Dafydd staggered; his knees threatened to give. He had expected threats, arrogance, bargaining —but not the raw, patient violence simmering behind Aiden's calm. The man before him wasn't merely angry; he was resolute, utterly uncontained.
"Well," Aiden said, without theatrics, without raising his voice. But the burning fury remained laced to it. "If you insist on knowing, I will tell you."
He paused. His gaze darkened to something colder than anger, and the room seemed to shrink around it. "I fu*king want to rip the brain out of his skull that even dared to think that he could harm the only family I treasure." His voice was dark … extremely dark. "I want to tear away his limbs in the most brutal way, making him feel the pain a thousandfold for what he had kept planned for my woman. I want to leave him dead yet alive just to feel the torture, every day, every second, for the rest of his life. So that he not just remained incapable of trying it the next time but also dreads even after he reincarnates."
Dafydd's skin prickled. He shook his head, panic and disbelief wiping away the colour from his face. "No … no, you can't do that. Let him go. Let him survive. I promise —he won't dare to do this again. I will lock him away. I will make sure he never appears before you —"
"You didn't hear me," Aiden interrupted him, his voice flat and final. "I wouldn't give him another chance to repeat it. Not even if he reincarnates."
"You —"
Before Dafydd could speak anymore, Aiden turned and nodded once to Tariq.

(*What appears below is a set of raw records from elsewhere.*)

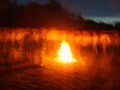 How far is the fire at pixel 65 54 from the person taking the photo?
1706 cm

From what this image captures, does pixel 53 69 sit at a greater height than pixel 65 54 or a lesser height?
lesser

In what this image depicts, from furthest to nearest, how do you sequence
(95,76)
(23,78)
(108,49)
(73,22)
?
(73,22) → (108,49) → (95,76) → (23,78)

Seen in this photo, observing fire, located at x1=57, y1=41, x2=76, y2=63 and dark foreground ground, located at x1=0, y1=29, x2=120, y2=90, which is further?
fire, located at x1=57, y1=41, x2=76, y2=63

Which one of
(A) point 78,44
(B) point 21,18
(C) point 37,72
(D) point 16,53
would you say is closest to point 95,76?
(C) point 37,72

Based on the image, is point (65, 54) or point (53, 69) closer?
point (53, 69)

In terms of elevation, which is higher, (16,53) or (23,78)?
(16,53)

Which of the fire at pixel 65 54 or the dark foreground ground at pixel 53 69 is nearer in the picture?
the dark foreground ground at pixel 53 69

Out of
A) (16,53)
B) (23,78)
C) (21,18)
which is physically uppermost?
(21,18)

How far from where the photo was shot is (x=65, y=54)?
17.3 metres

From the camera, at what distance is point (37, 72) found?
14.0 metres

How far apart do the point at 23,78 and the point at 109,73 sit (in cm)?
445

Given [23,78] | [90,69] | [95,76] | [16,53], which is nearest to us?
[23,78]

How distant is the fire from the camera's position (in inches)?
672

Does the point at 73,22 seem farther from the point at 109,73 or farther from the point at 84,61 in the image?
the point at 109,73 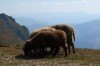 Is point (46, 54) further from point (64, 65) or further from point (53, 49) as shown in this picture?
point (64, 65)

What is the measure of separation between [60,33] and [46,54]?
3633 millimetres

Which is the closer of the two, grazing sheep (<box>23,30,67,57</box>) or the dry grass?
the dry grass

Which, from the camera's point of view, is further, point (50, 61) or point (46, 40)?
point (46, 40)

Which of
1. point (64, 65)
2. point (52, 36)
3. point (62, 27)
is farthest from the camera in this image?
point (62, 27)

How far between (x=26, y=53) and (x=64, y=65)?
9.19 m

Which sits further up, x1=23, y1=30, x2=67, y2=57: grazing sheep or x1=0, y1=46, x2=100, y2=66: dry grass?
x1=23, y1=30, x2=67, y2=57: grazing sheep

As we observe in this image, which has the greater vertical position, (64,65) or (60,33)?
(60,33)

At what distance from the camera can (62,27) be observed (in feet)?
136

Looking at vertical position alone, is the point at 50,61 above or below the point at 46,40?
below

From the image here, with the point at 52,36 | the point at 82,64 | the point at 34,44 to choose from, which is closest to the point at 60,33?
the point at 52,36

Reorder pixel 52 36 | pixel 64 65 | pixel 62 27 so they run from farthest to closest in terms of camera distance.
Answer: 1. pixel 62 27
2. pixel 52 36
3. pixel 64 65

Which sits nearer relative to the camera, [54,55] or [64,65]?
[64,65]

The whip cracked again, the sound raw and cruel. Bryn, already on the edge of unconsciousness, flinched and cried out; his voice came hoarse and broken.
Dafydd lurched forward to reach him, but men appeared, seized and held him fast so that his eyes were forced on his son's suffering.
Aiden stayed there as well. He watched it all with terrible calm, as if the scene steadied something inside him. "My woman is off limits," he said, the words cutting through the air despite the whip's noise. "Cross that line, and you will learn what final means."
And with that, he turned around to leave.
Dafydd turned to look at him with an ashen face. "Aiden!" he called his name; a warning laced in his tone. "Do you think after pushing me to this extent, I will just accept it and back down, scared of you?"
"..." Aiden didn't respond. But he stood there, waiting to hear … intrigued to know.
"After what you did today, you will have to face the consequences. I will —"
"You got my intentions terribly wrong," Aiden interrupted. He tilted his head slightly, glancing over his shoulder as he spoke. "From the moment you stepped into this place, your exit was seized."
Dafydd's brows furrowed, confusion twisting his face.
But Aiden had said enough. He didn't linger longer. With a cold smirk, he turned back and continued towards the exit. Just before stepping out, he paused and ordered, his voice steady and commanding.
"Tariq, I don't like the noise. Do something about it. Present a gift to the father dearest —one that he could treasure for the rest of his life."
"Got it, Sir," Tariq affirmed without hesitation.
Before Dafydd could make sense of his words, he saw Tariq drop the whip and move towards a table half hidden in the shadows.
Dafydd's gaze narrowed, and the next moment, his blood turned cold. Tariq had picked a sharp-bladed knife —one that gleamed with the kind of edge that could slice more than just flesh.
"Wait, —what are you going to do?" Dafydd demanded, panic lacing in his tone.
However, Tariq turned to him coolly, his lips curling in his chilling smile. "Presenting you a gift you can treasure," he said evenly. "Your son's tongue."